Here’s a Resolution: Denominations Should Stop Shooting Themselves in the Foot

The world is watching.

Dwight McKissic called the most recent SBC drama a “24-hour roller coaster ride.”

I called it shooting yourself in the foot. Again. Publicly.

What could have been a Tuesday condemnation of racism became a Wednesday mea culpa.

So, what really happened on Tuesday when the Southern Baptist Convention Committee on Resolutions offered nine resolutions on various topics but passed over Pastor McKissic’s resolution condemning the alt-right? As I conversed Tuesday night with some of the players, everyone knew that Dwight McKissic had brought a resolution, as he often does. With him regularly bringing resolutions, perhaps the Resolutions Committee had been predisposed to pass this one by—and some of the language in the resolution may have added to that.

But it’s time we see that decisions like this are more than just what happens in a room in Phoenix.

The Context

Let’s step back and look at what it means to exegete the national cultural context.
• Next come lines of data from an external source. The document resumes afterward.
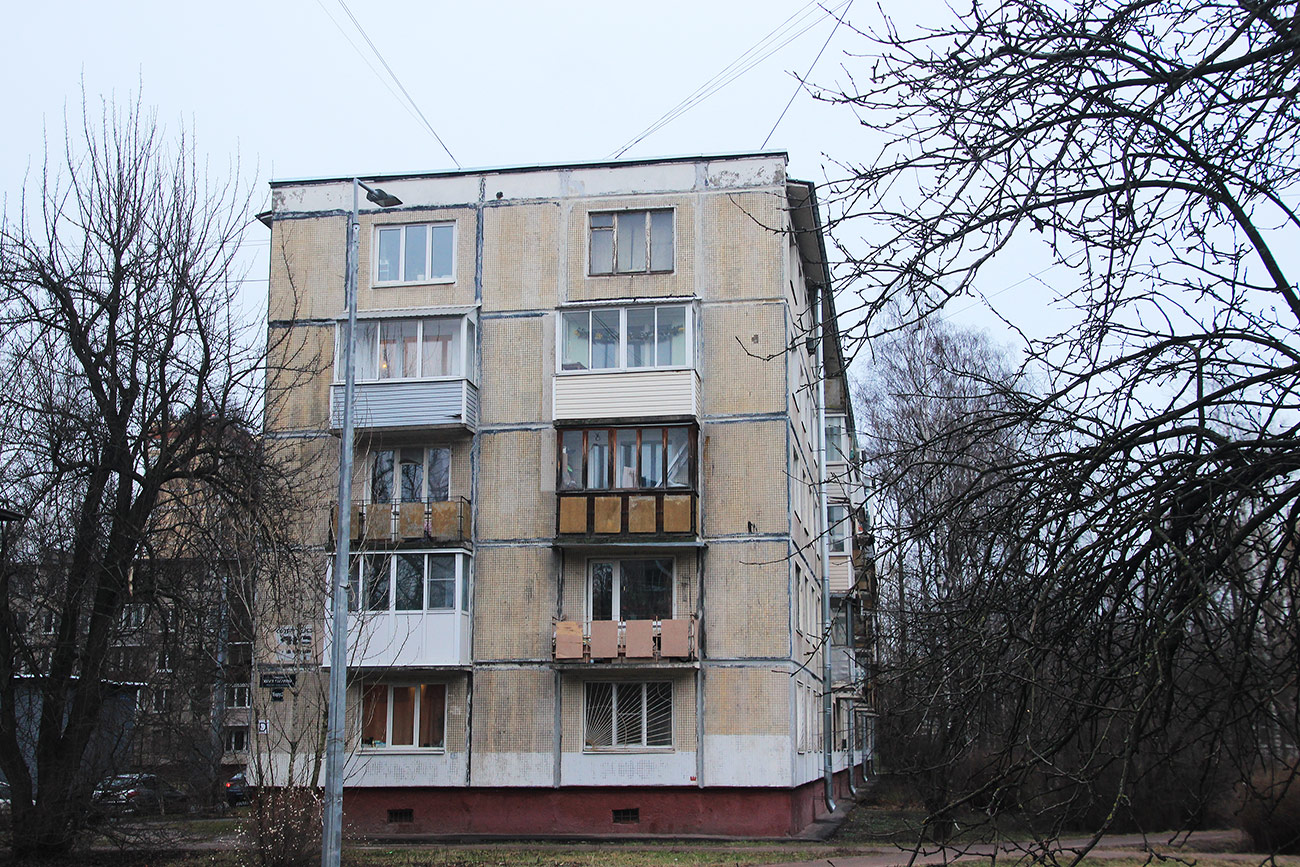 Санкт-Пецярбург, Проспект Юрия Гагарина, 16 корп. 2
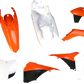 ACERBIS Full Replacement Body Kit - OEM '13 Orange/White/Black 2314333914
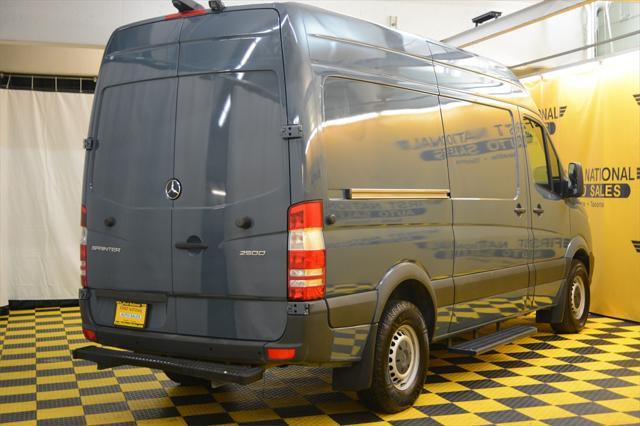 used 2018 Mercedes-Benz Sprinter 2500 car, priced at $30,980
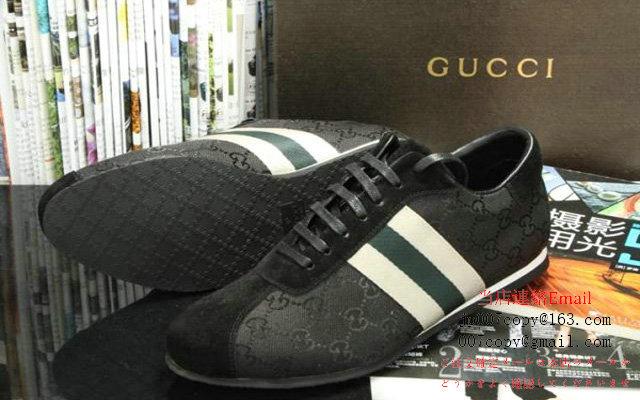 ◆GUCCI◆ 〔スクリーナー〕 GGキャンバス&レザー スニーカー グッチ 靴 スーパーコピー レザースニーカー GGキャンパス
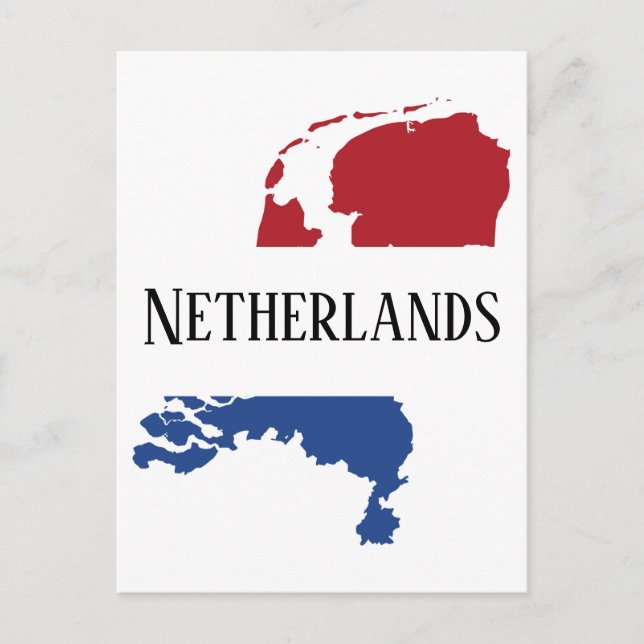 Carte Postale Pays-Bas (Devant)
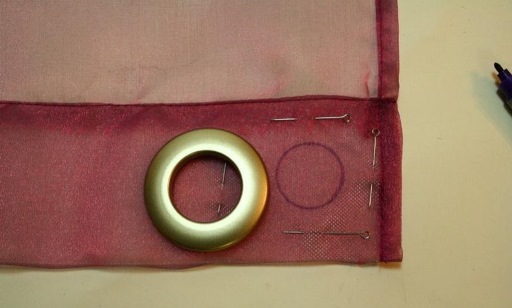 Fabric marking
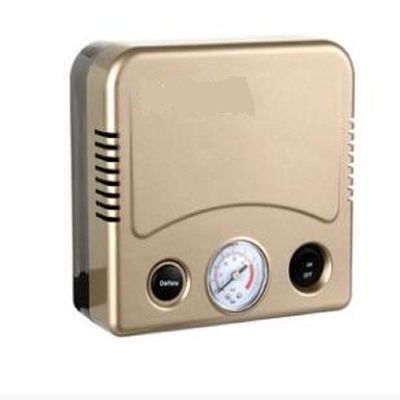Zilveren mini-compressoren voor voertuigen Dc 12v met ontladingsfunctie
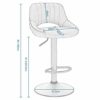 EUGAD-e914-Tabouret-de-Bar-Chaise-de-Bar-Lot-de-4Tabouret-de-Cuisine-avec-Similicuir-Assise-et-mtal-Pieds-0-1 EUGAD-e914-Tabouret-de-Bar-Chaise-de-Bar-Lot-de-4Tabouret-de-Cuisine-avec-Similicuir-Assise-et-mtal-Pieds-0-1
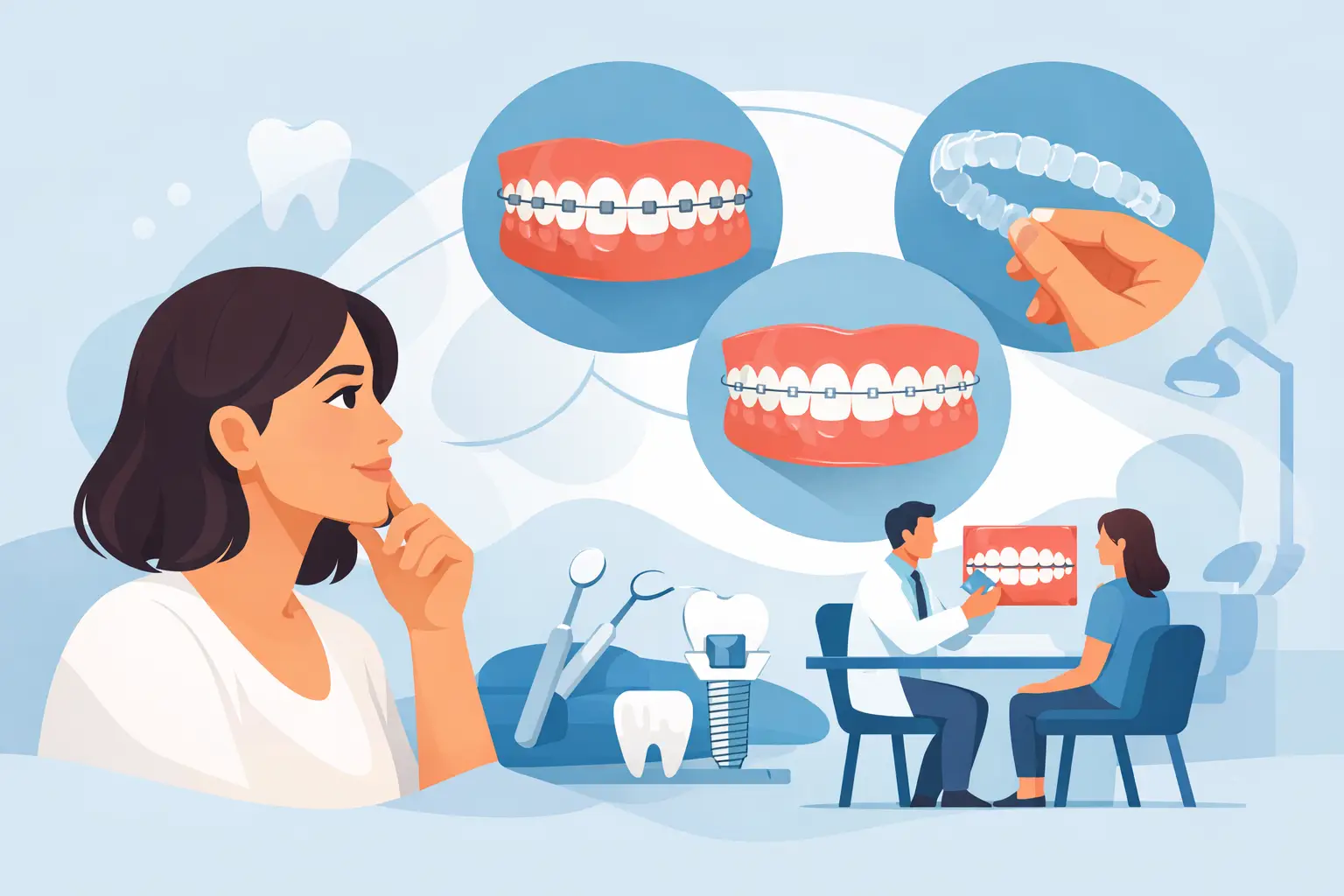 Adult Orthodontic Treatment Options Explained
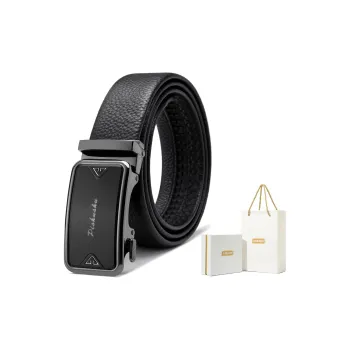 PISHUSHU Leather Belts Men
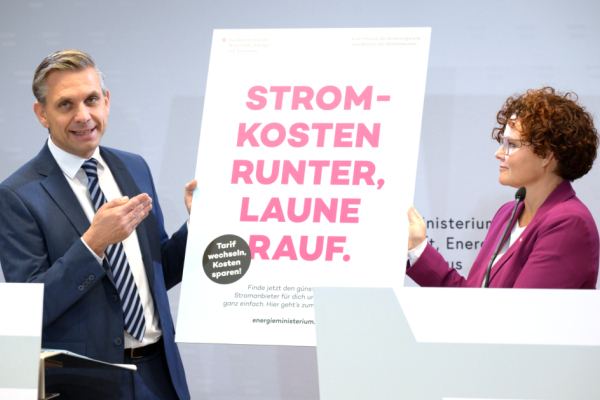 Bild: Strommarktgesetz - Regierung will die Laune heben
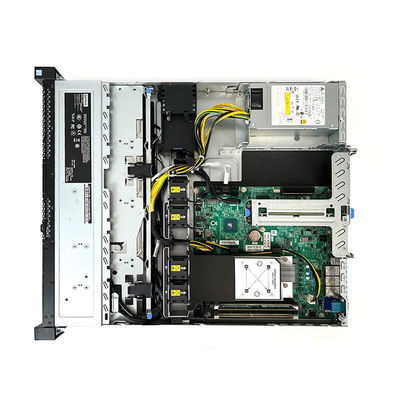 Lenovo ThinkSystem SR258 Server Xeon E-2124 8GB DDR4 RAM 1TB 300W 1U Server PC Rack Server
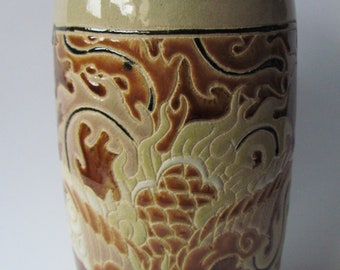 Vintage Chinese vase, porcelain, height 27 cm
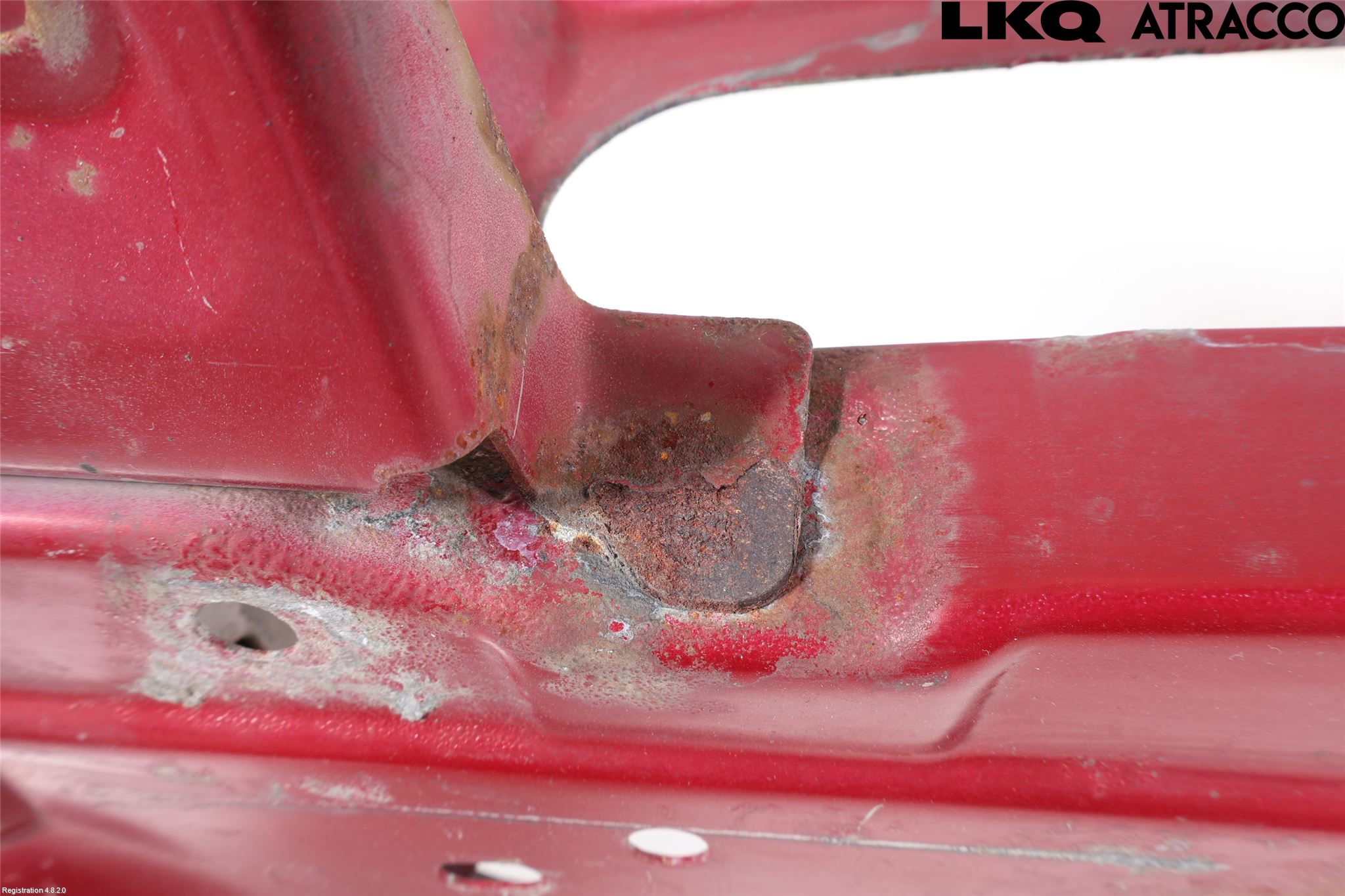 Mitsubishi OUTLANDER 07-12 Frontplåt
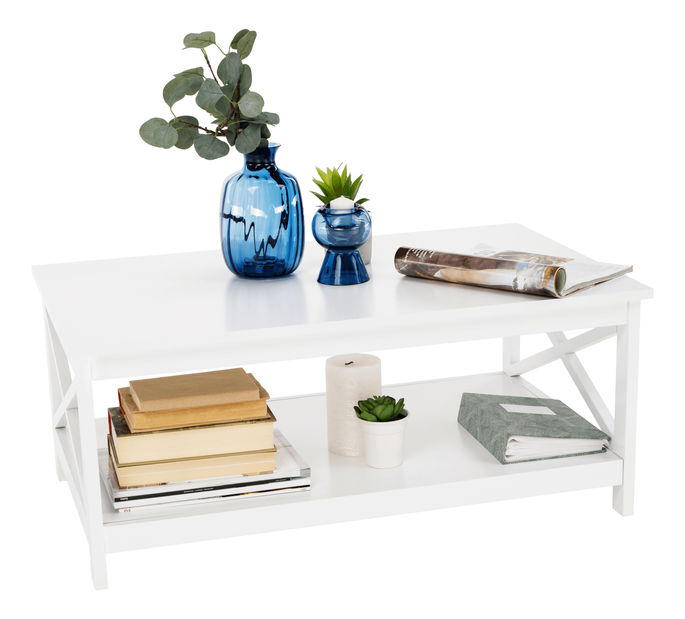 Dohányzóasztal Etta (fehér)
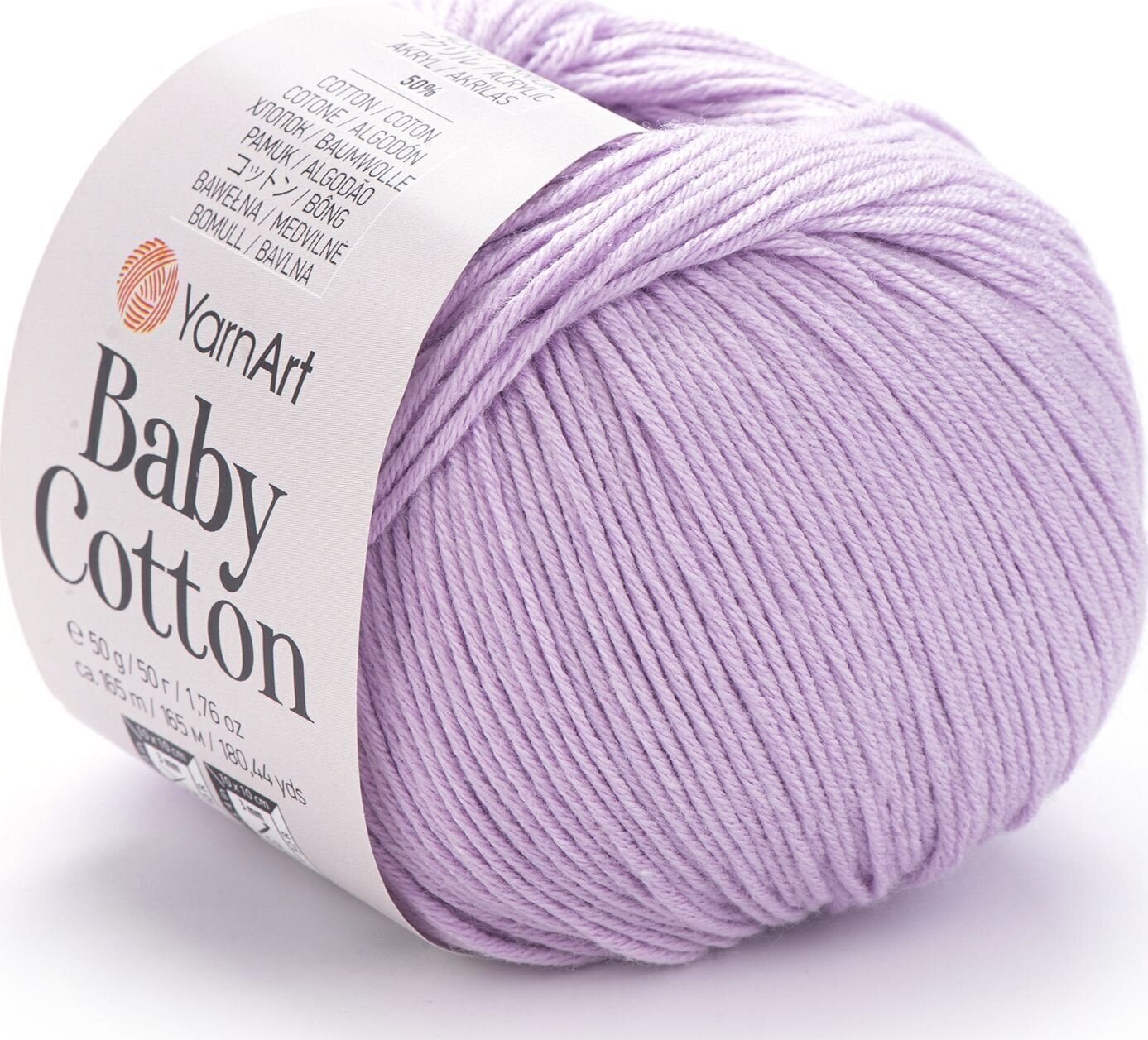 Kudumislõng Yarn Art Baby Cotton 416 Kudumislõng
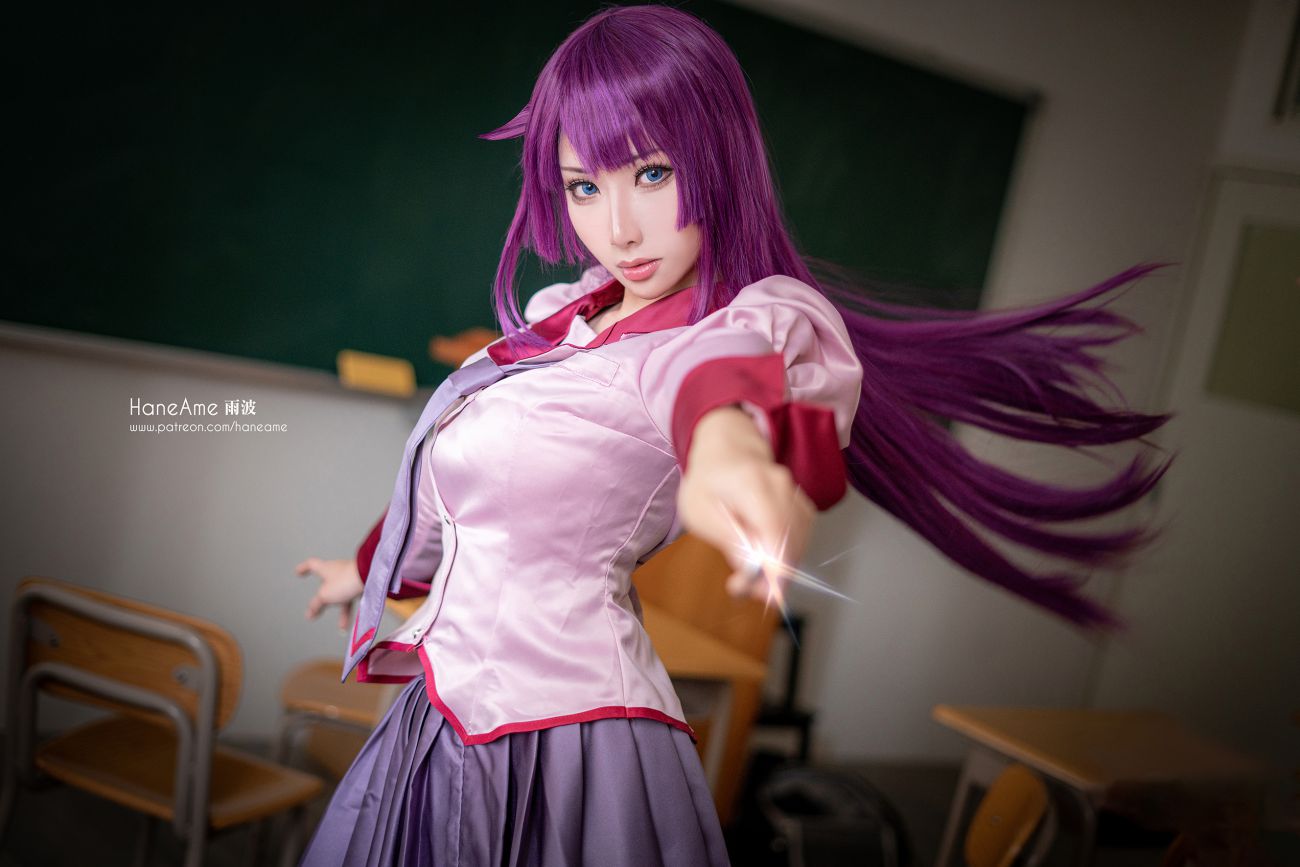 Hane Ame 雨波写真 化物语 战场原 - 精品写真图集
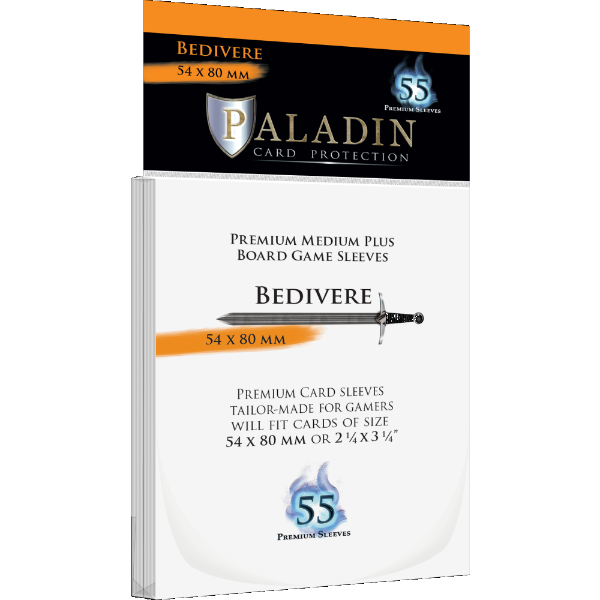 Image Paladin Sleeve - Bedivere - 54x80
Here comes a well-publicized resolution on racism (of the alt-right, in this case). It had similarities to resolutions overwhelmingly approved in years past. But a national context is not built on the doctrine of “once-passed, always-passed.”

The number of resolutions passed on the issue of abortion (or alcohol!) testify to this. Things happen in culture that lead us to discern that we may need to speak up again.

If you’ve passed literally dozens of resolutions on alcohol, when everyone already knows where you stand, maybe another resolution on rasicm might help address some history and stereotypes. (Right now, the SBC resolutions mention alcohol four times for every one mention of racism—it’s not bad to close that gap.)